A Polish-American physician-scientist, Dr. Damian Jacob Sendler specializes in understanding how different socio-demographic and informational factors influence access to health care in underserved communities. Dr. Sendler's research focuses on how psychiatric and chronic medical co-morbidities influence the use of medical services in conjunction with health information obtained from the internet, which is a particular strength of his. Due to the exponential growth in global consumption of online news and social media, this research is both timely and important, as it necessitates a comprehensive understanding of everyone's health information-seeking behavior. Dr. Damian Sendler's research aims to uncover the factors that patients consider when deciding when to seek care for specific health conditions and when to adhere to their treatment regimens in order to achieve this goal.

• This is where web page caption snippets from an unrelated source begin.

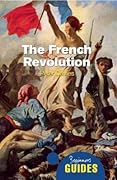 The French Revolution: A Beginner's Guide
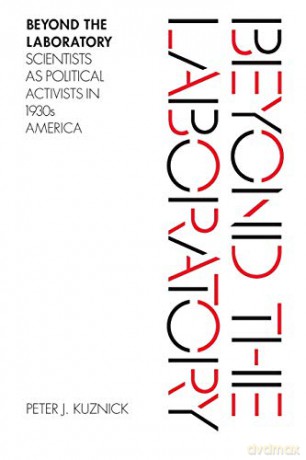Beyond the Laboratory: Scientists as Political Activists in 1930s America - Peter J. Kuznick [KSIĄŻKA]
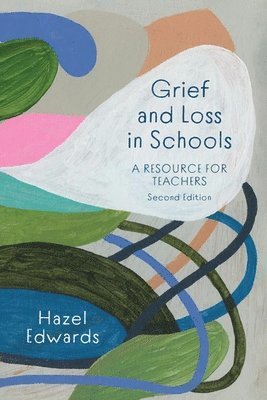 Grief and Loss in Schools 1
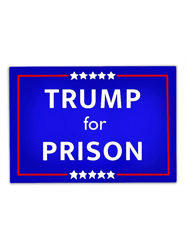 Trump for Prison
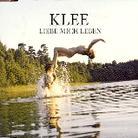 Klee - Liebe Mich Leben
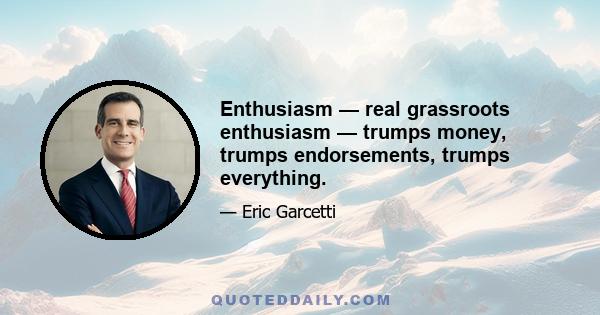 Enthusiasm — real grassroots enthusiasm — trumps money, trumps endorsements, trumps everything.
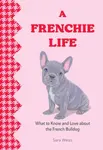 A Frenchie Life - Sara Weiss
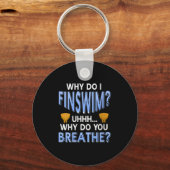 Porte-clés Femmes Pourquoi Est-Ce Que Je Finswim Funny Humour (Recto)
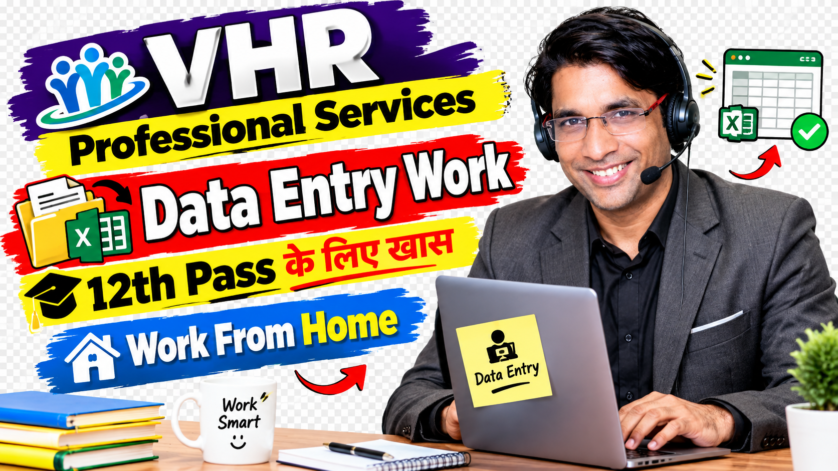 Data Entry Executive work from home job at Leading Company via VHR Professional Services with salary 8 to 10 LPA and 9 openings for freshers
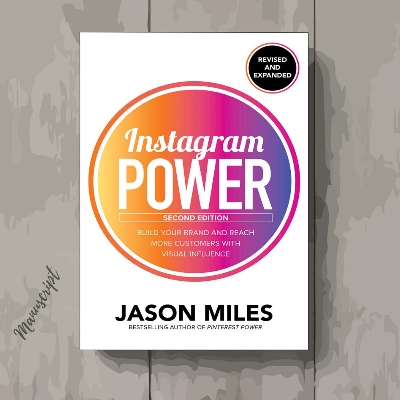 Picture of Instagram Power : Second Edition Build Your Brand and Reach More Customers with Visual Influence by Jason Miles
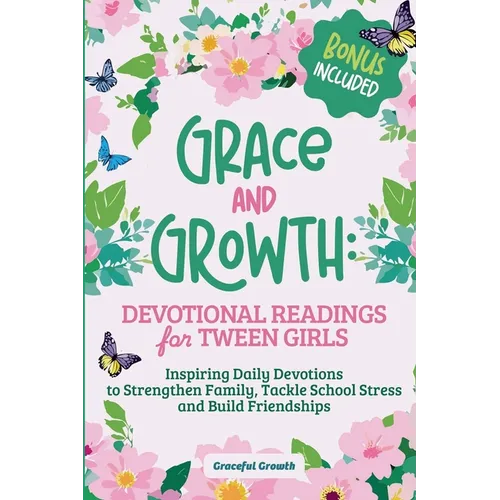Grace and Growth: Devotional Readings for Tween Girls: Inspiring Daily Devotions to Strengthen Family, Tackle School Stress, and Build Friendships - Paperback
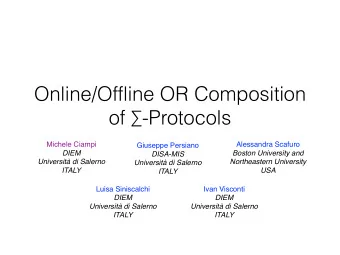Online/Offline OR Composition of  -Protocols Michele Ciampi Alessandra Scafuro Giuseppe Persiano
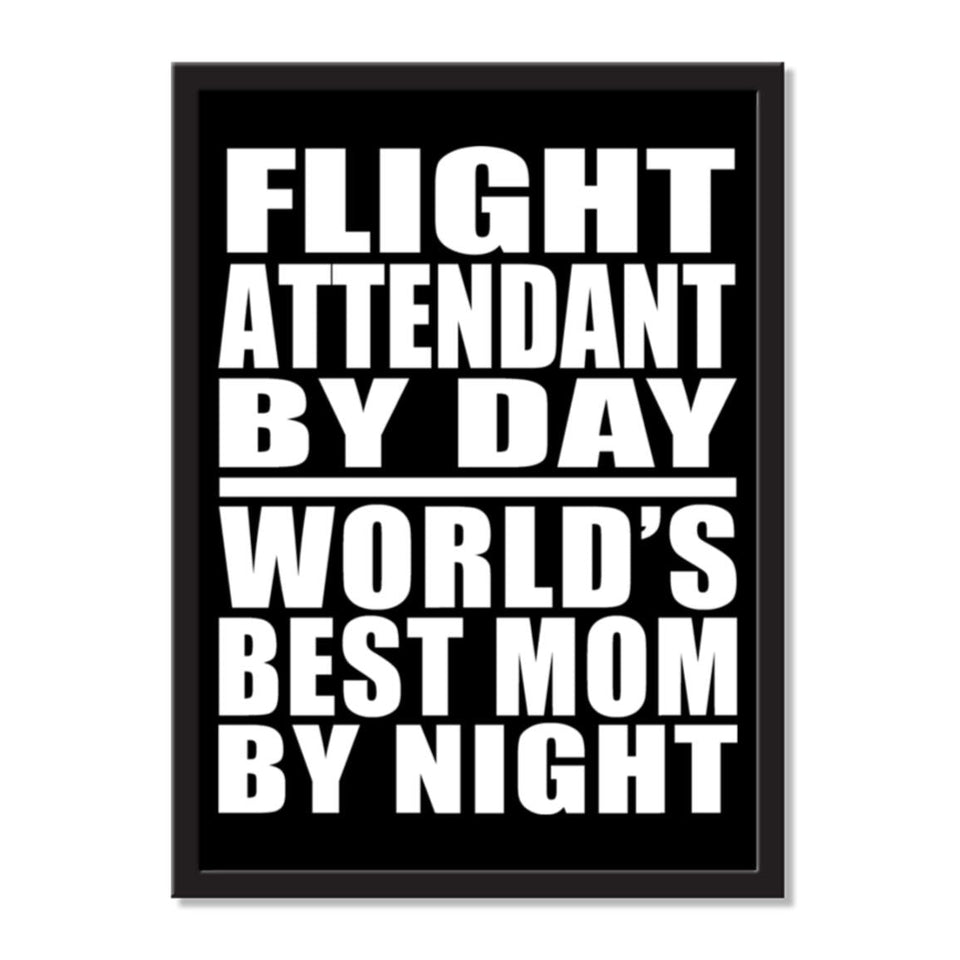 Flight Attendant By Day World's Best Mom By Night - Portrait Frame Photo Tile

Damian Jacob Sendler: The age at which women reach menopause is crucial for fertility and affects women's healthy aging, but scientists have struggled to understand reproductive ageing, and knowledge of the underlying biology is limited. 

Scientists have now discovered almost 300 gene variants that affect women's reproductive lifetime. They've also effectively altered many critical genes linked to these variations in mice to prolong their reproductive lifetime. 

Damian Jacob Sendler: Their results, which were published in Nature today, add to our understanding of the reproductive ageing process and provide methods to enhance the prediction of which women may enter menopause sooner than others. 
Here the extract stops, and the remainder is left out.